PROVIDED RECORDS:
+ + + + +

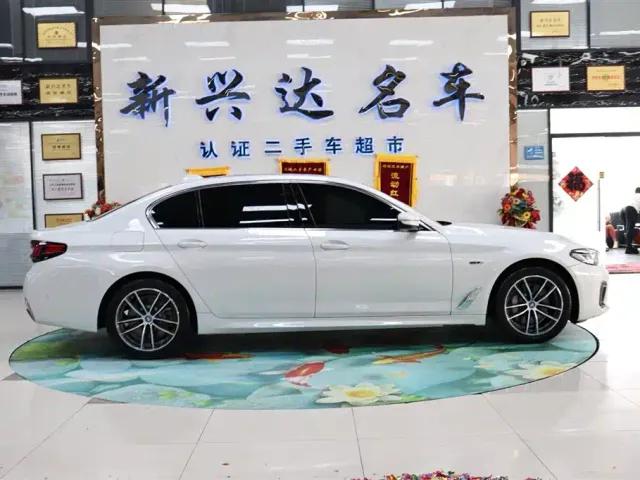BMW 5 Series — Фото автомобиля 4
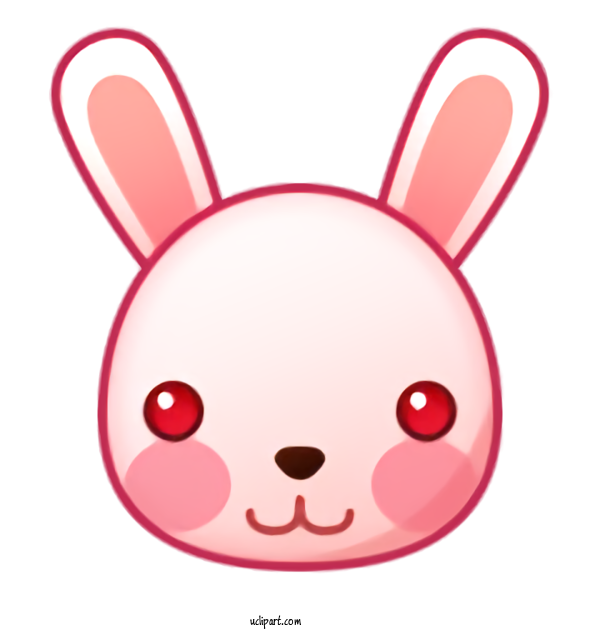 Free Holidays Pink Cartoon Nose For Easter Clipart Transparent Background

+ + + + +

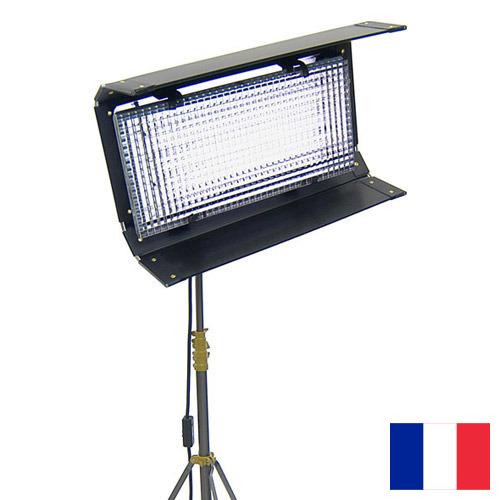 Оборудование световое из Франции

+ + + + +

WHAT YOU HAVE TO DO: From the records above, transcribe only the stretch from the line with "BMW 5 Series — Фото автомобиля 4" through the line with "Free Holidays Pink", keeping both ends. Omit pictures.

YOUR RESPONSE:
BMW 5 Series — Фото автомобиля 4
 Free Holidays Pink Cartoon Nose For Easter Clipart Transparent Background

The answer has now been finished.